La derrota por goleada ante Cruz Azul provocó un gran sinsabor en el dueño del América, Emilio Azcárraga Jean, quien estuvo ubicado en su palco del Estadio Azteca el pasado sábado y fue testigo del concierto de errores azulcremas durante la noche, por lo que pidió cuentas a la brevedad a pesar de que no habrá por ahora ultimátum para el técnico Miguel Herrera o la directiva.

 

La actitud y displicencia de algunos jugadores como Roger Martínez -nuevamente expulsado- dejaron mucho qué desear, por lo que no pueden caber más actos de indisciplina que afecten al equipo, a pesar de que como sucede con el colombiano, no cumplió en este verano su intención de regresar al futbol europeo y permaneció más a fuerza que con ganas.

 

Las Águilas se encuentran ubicado en puestos de calificación gracias a lo ‘benevolente´ del torneo, pero en el vestidor no todo es color de rosa y, por ejemplo, Nicolás Benedetti ya demostró impaciencia por la falta de minutos, sin dejar de mencionar que fue de los más ‘apegados’ a Jérémy Ménez.

 

Pero los corajes del mandamás águila no disminuyeron horas después de la escandalosa goleada ante los celestes, ya que al retirarse del Azteca, el técnico Miguel Herrera arremetió contra el cuerpo arbitral comandado por Marco Antonio Ortiz y lo llamó "put.." y “maricón” ante las cámaras. Y es que cuando la FMF y los clubes están esforzándose arduamente para erradicar el famoso grito homofóbico al despejar los porteros, Herrera no 'predicó' con el ejemplo y causó gran malestar en el gremio futbolístico.

 

La Comisión Disciplinaria ya espera la queja de la Comisión de Árbitros para poder iniciar una investigación y podría darse una sanción ejemplar hacia el Piojo, por lo que no sólo tendría que cumplir con un juego de suspensión por protestar y ser expulsado ante Cruz Azul, y su debida multa de 10 mil pesos, sino también es latente que el castigo deportivo y/o económico aumente de acuerdo al Apéndice I del Reglamento de Sanciones que trata sobre las declaraciones o juicios públicos inapropiados.

 

“Las sanciones aplicables pueden ir desde 200 hasta 10,000 UMAs (17 mil a 845 mil pesos), y/o inclusive la suspensión o inhabilitación del afiliado”, se precisa.

 

Por si fuera poco, en el Apéndice III también se habla de sanciones por muestras de racismo o discriminación: “El que lo cometa será suspendido por un mínimo de 5 partidos en todas las categorías.
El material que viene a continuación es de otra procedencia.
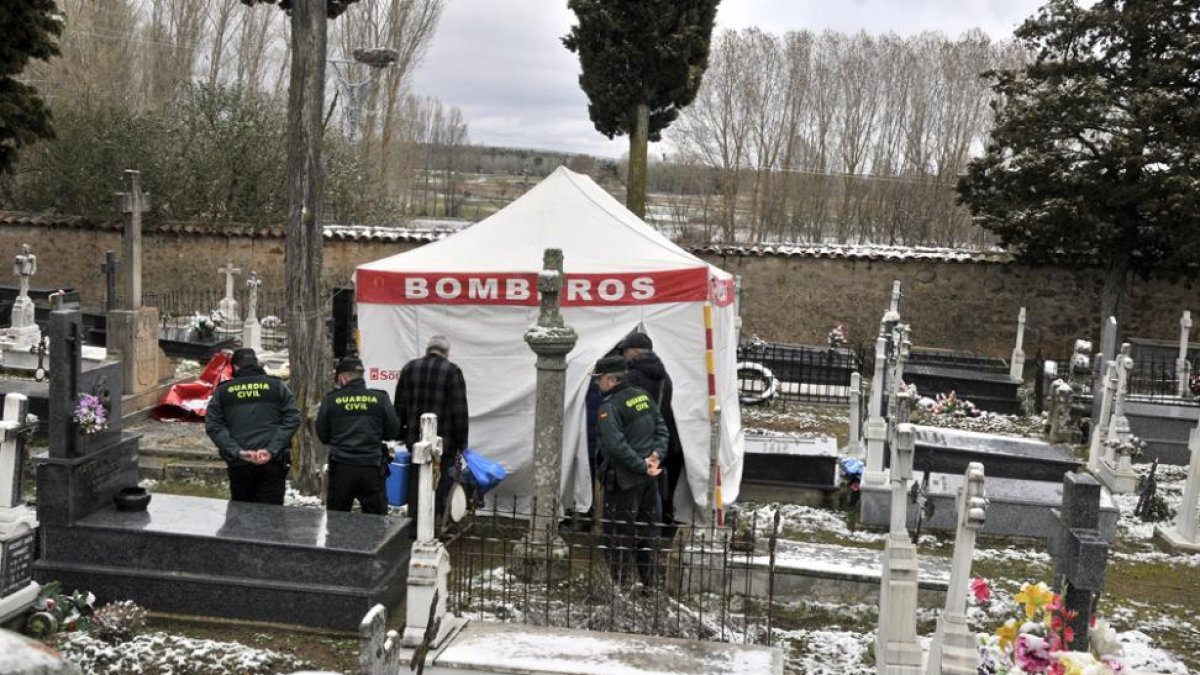 Exhumación del cuerpo de Leoncio González de Gregorio el 23 de marzo en Quintana Redonda.-VALENTÍN GUISANDE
Además, la Comisión Disciplinaria prohibirá al infractor el acceso al estadio y adicionalmente se le impondrá una multa que puede ir de 3,750 a 6,000 UMAs (317 mil a 507 mil pesos)”.

 

Con base en su criterio, la Comisión Disciplinaria también puede intervenir de oficio e iniciar la investigación correspondiente si es que no llegara una queja de los árbitros. Este lunes, se espera que así suceda y el DT azulcrema tendrá que hacer frente a un nuevo improperio dentro de su carrera y conducta.